Eventually, music found its way back into my life. I was contacted by Danish author Patrick Lies, who had written the Nicrodemic book series, and he asked me to compose a title song for the novels. I wrote Castra Damnatorum, released under the name Duality By Prone. The song can be heard through links in the books, on Spotify, and in a music video on YouTube.
Since then, I have written music for commercials, TV series, and films, produced advertisements, and documented concerts and theatre productions. In the past year, I have also written material for a Norwegian revue – a new creative path I’ve come to truly enjoy.

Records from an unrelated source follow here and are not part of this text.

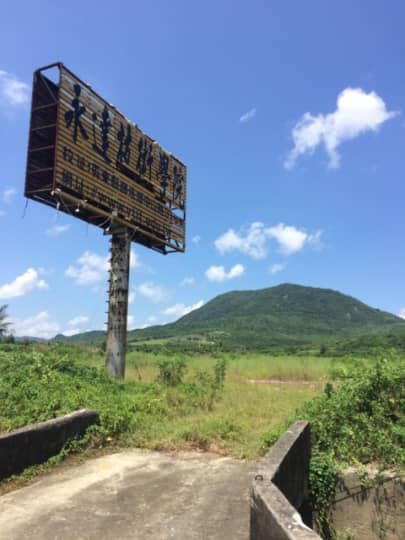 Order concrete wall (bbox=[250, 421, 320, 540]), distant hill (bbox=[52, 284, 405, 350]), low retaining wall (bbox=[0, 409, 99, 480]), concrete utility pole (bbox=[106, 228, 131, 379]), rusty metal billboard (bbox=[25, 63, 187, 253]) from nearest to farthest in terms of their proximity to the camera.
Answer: concrete wall (bbox=[250, 421, 320, 540]) < low retaining wall (bbox=[0, 409, 99, 480]) < rusty metal billboard (bbox=[25, 63, 187, 253]) < concrete utility pole (bbox=[106, 228, 131, 379]) < distant hill (bbox=[52, 284, 405, 350])

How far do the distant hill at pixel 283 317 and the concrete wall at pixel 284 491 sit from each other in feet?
184

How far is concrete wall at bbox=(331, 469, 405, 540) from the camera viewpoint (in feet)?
12.6

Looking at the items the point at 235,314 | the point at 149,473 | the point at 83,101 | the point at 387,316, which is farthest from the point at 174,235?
the point at 387,316

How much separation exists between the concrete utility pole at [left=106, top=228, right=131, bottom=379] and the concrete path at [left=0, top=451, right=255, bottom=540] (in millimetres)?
4850

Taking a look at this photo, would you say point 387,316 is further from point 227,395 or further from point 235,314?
point 227,395

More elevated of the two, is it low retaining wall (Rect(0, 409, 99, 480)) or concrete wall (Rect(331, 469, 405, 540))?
low retaining wall (Rect(0, 409, 99, 480))

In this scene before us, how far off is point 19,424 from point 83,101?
22.0 feet

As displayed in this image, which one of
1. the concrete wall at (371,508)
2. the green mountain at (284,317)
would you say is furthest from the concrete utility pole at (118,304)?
the green mountain at (284,317)

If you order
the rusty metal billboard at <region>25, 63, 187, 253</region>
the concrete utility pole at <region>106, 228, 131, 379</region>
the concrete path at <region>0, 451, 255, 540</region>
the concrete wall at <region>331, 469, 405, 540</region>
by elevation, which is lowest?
the concrete wall at <region>331, 469, 405, 540</region>

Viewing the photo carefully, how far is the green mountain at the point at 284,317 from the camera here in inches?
2832

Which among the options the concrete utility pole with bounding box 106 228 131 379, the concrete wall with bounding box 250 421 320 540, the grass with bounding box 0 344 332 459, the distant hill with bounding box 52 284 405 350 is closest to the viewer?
the concrete wall with bounding box 250 421 320 540

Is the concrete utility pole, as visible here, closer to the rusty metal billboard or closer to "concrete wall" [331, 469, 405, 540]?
the rusty metal billboard

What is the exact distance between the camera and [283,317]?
8556 centimetres

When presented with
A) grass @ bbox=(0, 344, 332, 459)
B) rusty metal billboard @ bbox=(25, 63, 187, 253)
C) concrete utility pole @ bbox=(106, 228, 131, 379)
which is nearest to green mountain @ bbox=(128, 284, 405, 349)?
rusty metal billboard @ bbox=(25, 63, 187, 253) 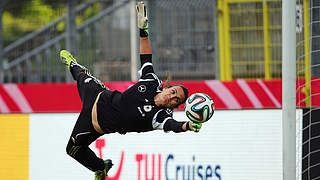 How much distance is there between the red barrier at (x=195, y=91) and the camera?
26.2ft

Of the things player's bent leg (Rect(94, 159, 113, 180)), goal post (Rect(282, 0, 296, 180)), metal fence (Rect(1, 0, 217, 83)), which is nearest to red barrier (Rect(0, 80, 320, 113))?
goal post (Rect(282, 0, 296, 180))

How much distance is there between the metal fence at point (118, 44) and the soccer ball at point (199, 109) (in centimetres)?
564

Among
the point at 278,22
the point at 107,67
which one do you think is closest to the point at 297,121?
the point at 278,22

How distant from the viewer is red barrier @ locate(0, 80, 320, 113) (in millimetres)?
7992

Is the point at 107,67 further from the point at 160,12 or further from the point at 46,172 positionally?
the point at 46,172

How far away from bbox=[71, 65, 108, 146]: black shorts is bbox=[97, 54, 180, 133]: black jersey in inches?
6.0

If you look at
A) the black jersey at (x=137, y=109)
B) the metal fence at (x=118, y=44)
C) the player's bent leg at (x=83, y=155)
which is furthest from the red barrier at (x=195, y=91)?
the metal fence at (x=118, y=44)

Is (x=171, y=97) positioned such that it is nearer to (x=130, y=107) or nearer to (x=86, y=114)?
(x=130, y=107)

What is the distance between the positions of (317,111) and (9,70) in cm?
764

Today, I continue to explore, create, and share – with Ether Drift as my newest chapter.




Inside the Process
Ether Drift is an experimental music project where composition, performance, sound design, and modern production tools are treated as one unified process.
All music is written and composed by the artist. The structure, lyrics, arrangement, and emotional direction of each track are fully defined before recording begins.
Production takes place inside a digital audio workstation (DAW), where all instrumental elements are programmed, recorded, and arranged manually. This includes drum programming using custom sample-based drum systems, as well as guitars, synths, and other instruments.
Vocals are recorded by the artist as the foundation of each track. From there, vocal processing becomes part of the creative design. Pitch correction tools are used where needed, not to replace performance, but to shape and refine expression.
In some tracks, voice transformation tools are used to extend the vocal palette beyond a single fixed identity. This includes gender transformation and character-based vocal design. The purpose is not imitation, but to match the internal “sound” of the music as it is already composed in advance.
This approach is also connected to a core idea behind Ether Drift: perception shapes listening. When a listener believes they know the person behind a piece of music, expectations are formed before the first note is even heard. Those expectations can influence how the music is perceived, regardless of the music itself.
In music, perception matters.
For that reason, vocal identity is treated as part of the composition rather than a fixed personal signature. The voice can become a role, just like an instrument or a sound layer. A guitar can be processed into multiple textures – the voice is approached in the same way.
This is not about hiding identity, but about removing preconception so the music can be experienced on its own terms. The focus is not who performs the music, but what the music communicates when it is heard without assumptions.
For mixing and mastering, both manual work and machine learning–based mastering tools are used. These tools function as final-stage processing systems to ensure consistency across different listening environments, from studio monitors to headphones and mobile devices.
Occasionally, additional audio processing tools are used on individual instruments (such as guitar tone shaping), where the goal is to improve sonic quality without altering musical content.
In Ether Drift, every sound is part of the composition. The voice is not treated as a fixed recording of identity, but as one of many designed elements within the music.
This approach allows the project to explore what happens when music is not only written and performed, but also shaped through the interaction between human intention and modern production technology.